As expected, neither Janet Yellen nor Mario Draghi had anything significant to say about central bank monetary policies and, as expected, the algorithms reacted anyway with a generally positive response. The market loves to love its central bankers even when they aren't talking about the policy.
The business media tried to sensationalize the news a bit, but even the algorithms had a tough time generating much movement. Both the S&P 500 and Russell 2000 ETF (IWM) ended up flat intraday while the Nasdaq lost ground.
The most bullish thing today was the strong breadth. We had around 4,450 gainers to just 2,190 decliners and nearly 300 stocks hitting new 12-month highs. Despite all that green, human traders seemed to be very quiet. I heard few comments about chasing strength and many traders complained about how boring the action was.

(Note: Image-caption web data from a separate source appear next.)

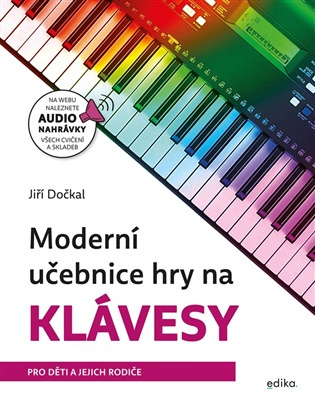 Moderní učebnice hry na klávesy -  Jiří Dočkal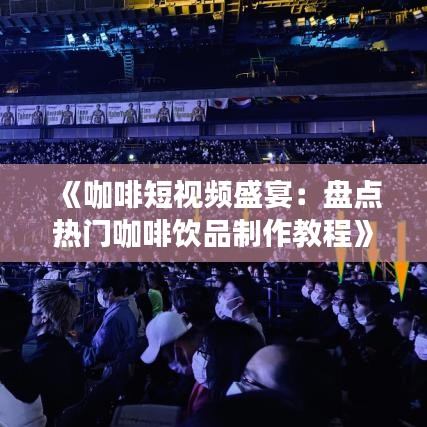 《咖啡短视频盛宴：盘点热门咖啡饮品制作教程》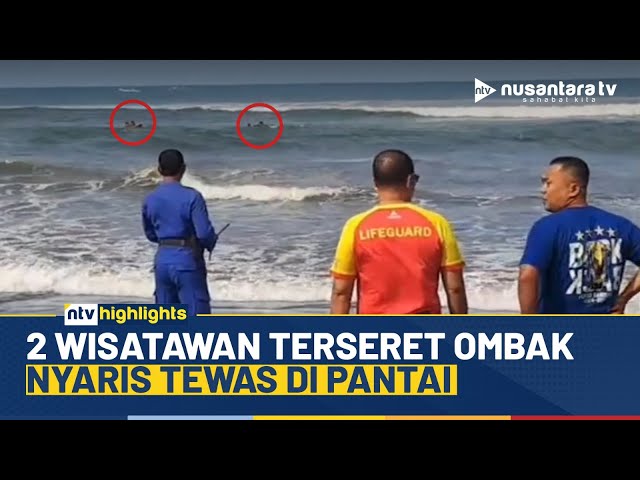 Youtube Thumnail image of : Dramatis! Dua Wisatawan Tergulung Ombak di Pangandaran, Diselamatkan Tim Balawista | NTV HIGHLIGHTS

The action this week leaves the indices in mixed condition. There was an oversold bounce following the Charlottesville drama last week, but the buyers only had one day of decent momentum on Tuesday. The rest of the time it was just a lot of intraday churning. This may be due in part to the summer doldrums, but it isn't particularly positive.

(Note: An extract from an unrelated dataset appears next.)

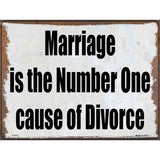 Marriage is Number One Novelty Metal Parking Sign 9" x 12" (P)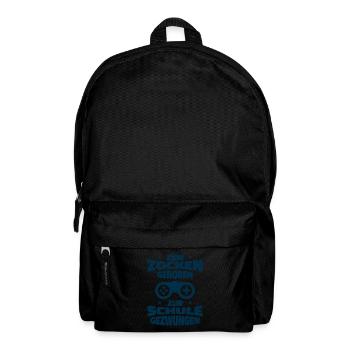Zum Zocken Geboren Zur Schule Gezwungen - Rucksack - Schwarz - Vorne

We are entering the weakest time of the year seasonally and the bears are growing quite loud. I don't remember the last time the bearish conviction has been so high, and it isn't just the usual crowd of pessimists. Some folks who have been correctly bullish for a long time are feeling less confident.
My biggest concern about the market is the paucity of picks. There isn't much showing up on my radar, and putting cash to work is tough. It often feels like the only way to stay busy is to build some index shorts.
With the central bankers out of the way for now and earnings season over, the market will be hunting for new catalysts. Renewed hopes for tax reform helped this week and that will likely be the focus again. Heightened vigilance will be necessary.
Have a great weekend. I'll see you on Monday.